If America had a wild west, then Australia had a fuckin’ wild west, mate, one that seems to continue in the barren outback to this very day. And like our own outlaws such as Billy the Kid or Jesse James, they have their own bloody versions as well, most notably the legendary Ned Kelly.
Having seen various on-screen incarnations of Kelly by both Mick Jagger and Yahoo Serious over the years, I’m gonna say both were heavily fabricated, while director Justin Kurzel’s apocalyptic interpretation in True History of the Kelly Gang seems closer to the real story, Oedipal subtexts and all.

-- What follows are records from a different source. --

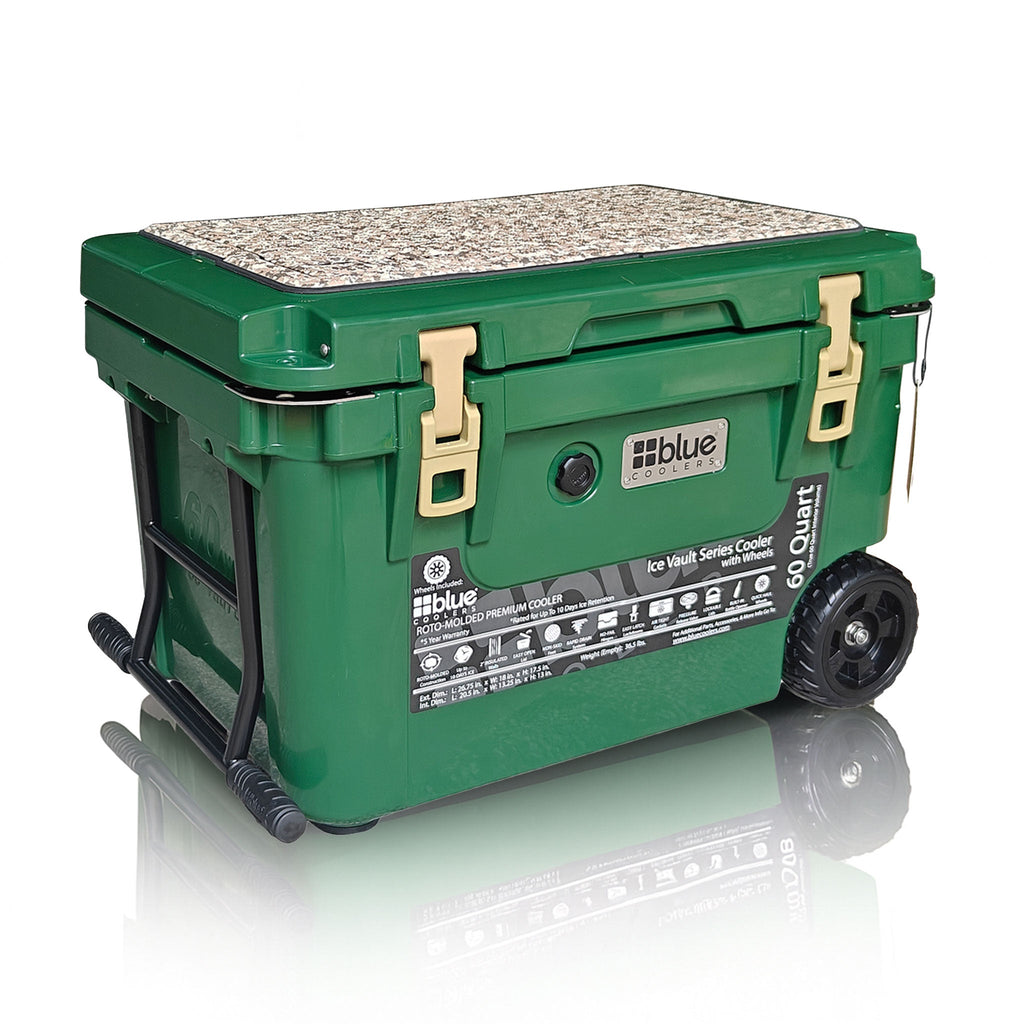 60 Quart Ice Vault Roto - Molded Cooler with Wheels - Cozy Home Life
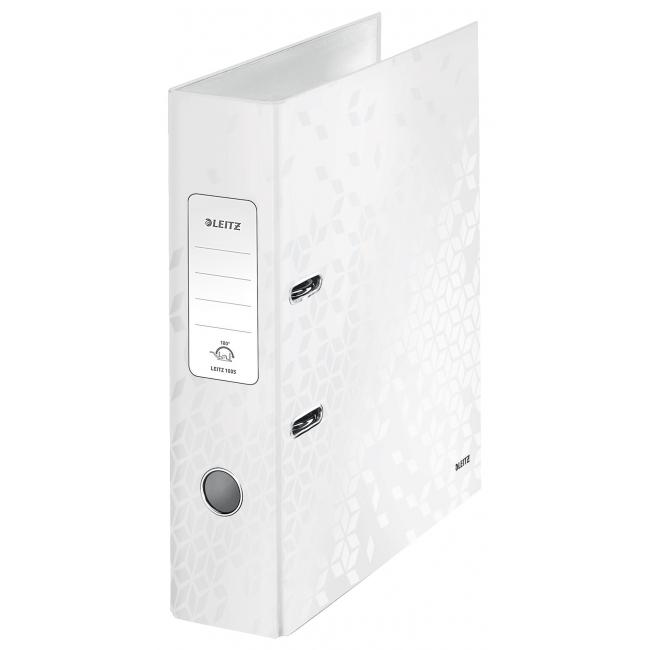 [ES050001] Leitz 180° WOW Hebelordner 8 cm Perlweiß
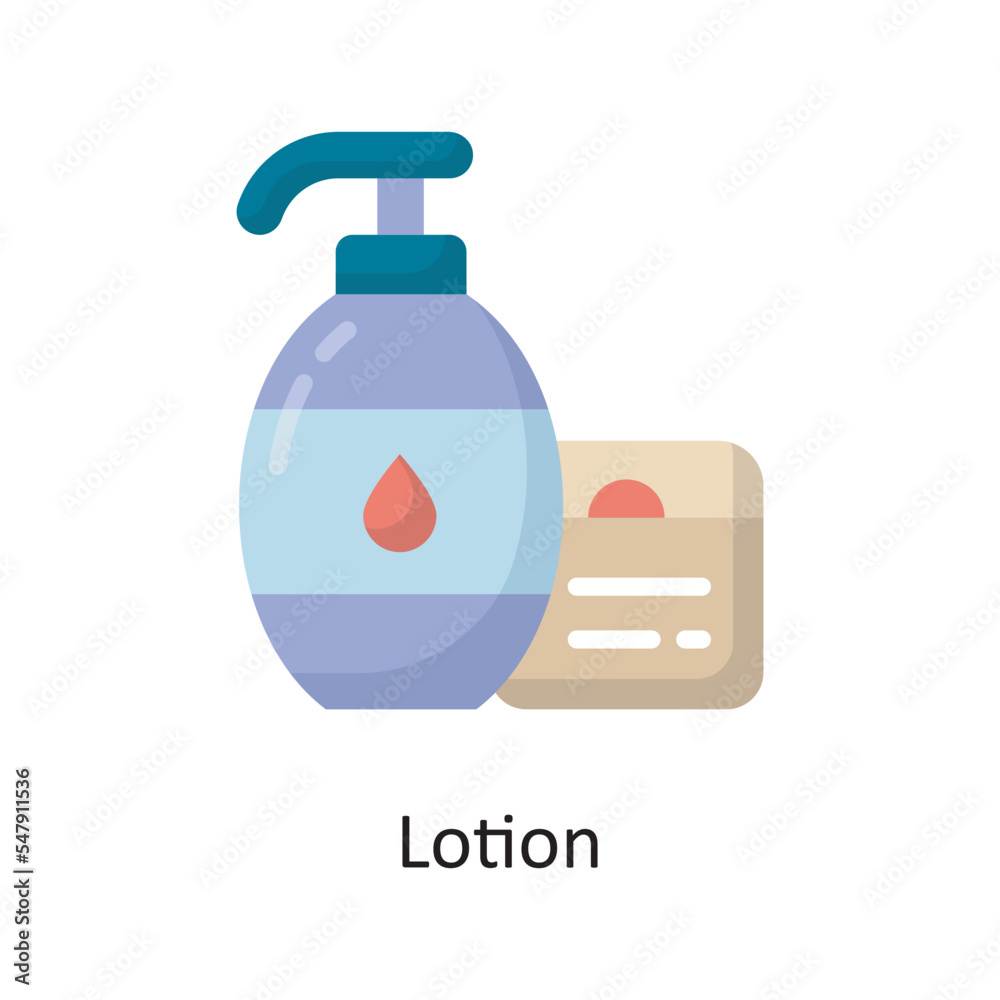 Lotion Vector Flat Icon Design illustration. Housekeeping Symbol on White background EPS 10 File Lotion Vector Flat Icon Design illustration. Housekeeping Symbol on White background EPS 10 File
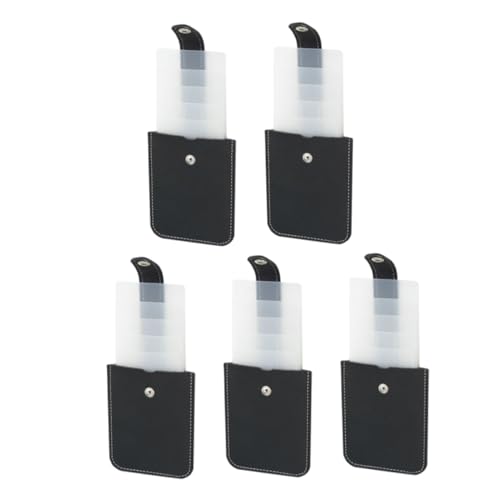FUNNETOYU 5stücke Ausziehbarer Karten-Organizer Ausziehbare Kartenhülle Tragbarer Kartenhalter Verdeckter Kartenhalter Karten-Organizer Kartenhüllen von FUNNETOYU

In the film, Ned’s parents were a drunk and a prostitute — always a perfect recipe for a Down Under ne’er-do-well, if you ask me. His father’s inability to find the family food leads Ned to slaughter a random cow for beef, but Dad is taken away to the notorious Aussie prisons and ultimately killed there for his crime.
In need of money, Ned’s mom sells him to rotund Russell Crowe (Unhinged) — almost resembling Denver Pyle here — who promises to turn him into an outlaw and, true to form, lands him in jail within a few minutes. Growing up in the hud, Ned (George MacKay, 1917) becomes a two-fisted rabble-rouser prone to psychotic delusions of grandeur, all of which he writes in his diary, apparently the basis for this film.
Clad in women’s frocks and calling themselves the “Sons of Sieve,” this gang of proto-punks takes on the damned English one bullet at a time, leading to a final showdown with the colonial bastards where Ned dons his famous “iron man” suit, fighting the oppressors like a true hero of the people.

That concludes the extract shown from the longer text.